◆ Task details
Everything in the data must be repeated exactly, apart from the pictures, which are left out.

◆ Dataset content
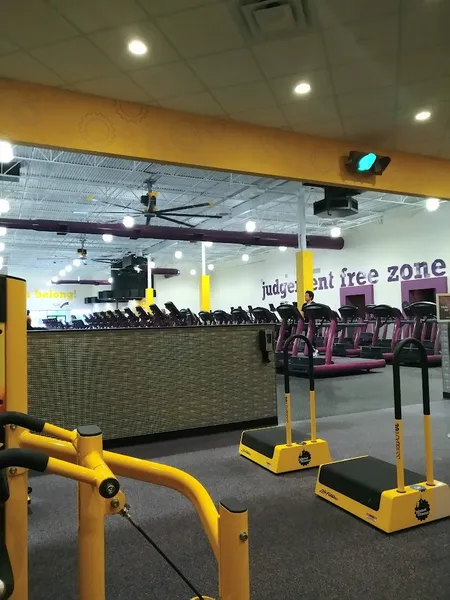 gyms Planet Fitness in Clear Lake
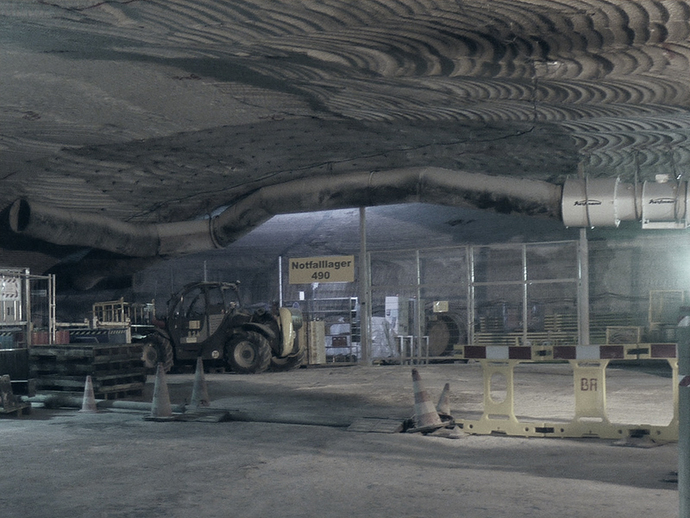 Materiallager auf der 490-m-Sohle für den Notfall Materiallager auf der 490-m-Sohle für den Notfall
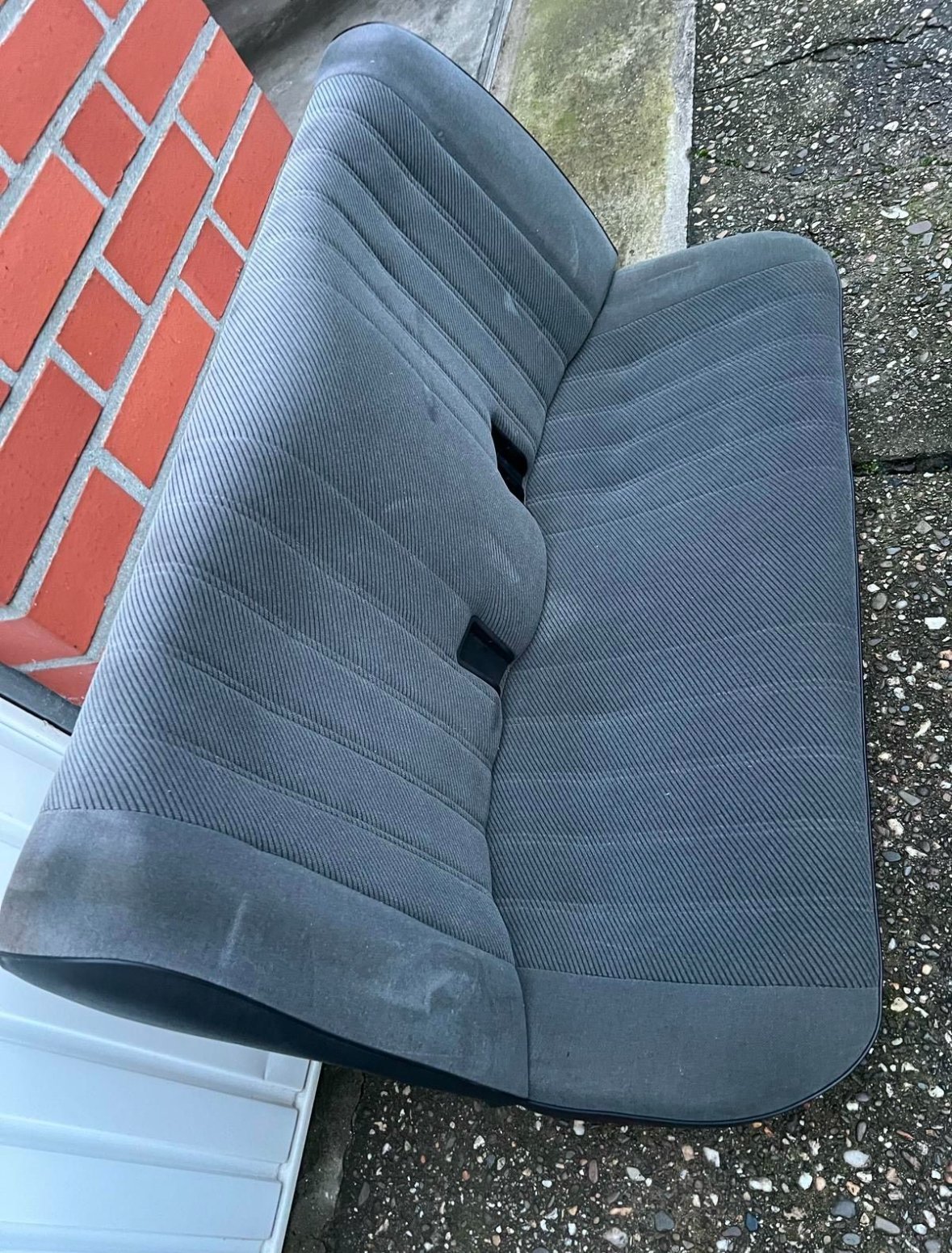Original Cloth Interior e30 - view 10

◆ Written response
 gyms Planet Fitness in Clear Lake
 Materiallager auf der 490-m-Sohle für den Notfall Materiallager auf der 490-m-Sohle für den Notfall
Original Cloth Interior e30 - view 10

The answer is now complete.